キリンアートプロジェクト2005「次々」KPOキリンプラザOSAKA)を見る。

石上純也/大森隆義/カワイオカムラ/淀川テクニック/束芋

 キリンアワードの後番組となるキリンの新企画。4組のアーティストが4人のキュレーター(選者)によって選ばれているのだが、圧倒的に面白かったのが「淀川テクニック」である。
 ゴミみたいな美術とよく悪口として言われることがあるが、こと「淀川テクニック」に関していえば説明として的を得ている。もっとも、より正確さをきせば間違っているかも。
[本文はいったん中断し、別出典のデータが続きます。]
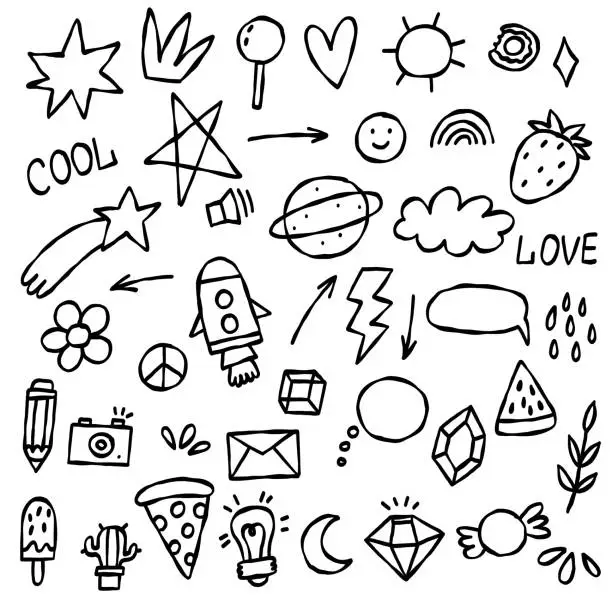 Vector illustration of Doodle decor elements collection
というのは彼らの作品は「ゴミみたい」なんじゃなくて、「ゴミそのもの」だからだ(笑い)。

淀川テクニック(よどがわてくにっく)
柴田英昭(しばたひであき)/1976年岡山県生まれ。
松永和也(まつながかずや)/1977年熊本県生まれ。2003年大阪淀川に落ちているゴミ、漂流物等を使って作品を作るアートユニット「淀川テクニック」結成。2004年『ゴミ淀川産展』淀川区役所内淀川区民ギャラリー、大阪淀川十三橋のたもとに作品を常時展示中。2004年『GEISAI-5』銀賞受賞

 紹介サイトでの経歴にもあるように「淀川テクニック」とは大阪淀川に落ちているゴミ、漂流物等を使って作品を作るアートユニット。海岸に漂流する漂流物などを使って作品を作る美術家の作品は以前見たことがあるが、そういう人の作品と彼らが大きく違うのは彼らの作品は「大阪淀川十三橋のたもとに作品を常時展示中」という現地で見たら、おそらく映像作品として提示されているビデオに映る作品を見る限りは美術作品というよりは「ゴミそのもの」にしか見えないだろうということ(笑い)。そういう意味で作品そのものはそれこそ思わず笑ってしまうぐらいしょぼい(特にビデオに登場したゴミ犬はもうちょっとなんとかならんか感がすごかった)のだが、それでも美術家として彼らのセンスが侮れないなと思うのは、奥の方に作品の素材、そして、それもある意味「作品」として、ラップで食品のように梱包された「淀川産のゴミ」が壁いっぱいに展示されていて、それはもう本当に汚らしい感じなのだが、そこの場所とは敷居パネルで分離された会場の入り口に数点、彼らの作品を写真で写して引き伸ばしたものが展示されているのだが、それはびっくりするぐらいに美しく*1、このギャップはいったいなんなんだろうと考えさせられるからだ。 
 後から聞いたところによるとこの作品が観客投票による「グランプリ」を受賞したということだが、それも当然と思わせるものがあった。ただ、それでもあのアトリエに行く勇気はなかなかないが(笑い)。冬は目茶寒そうだし、夏は夏でやぶ蚊をはじめいろんなものに悩まされそうそうだし。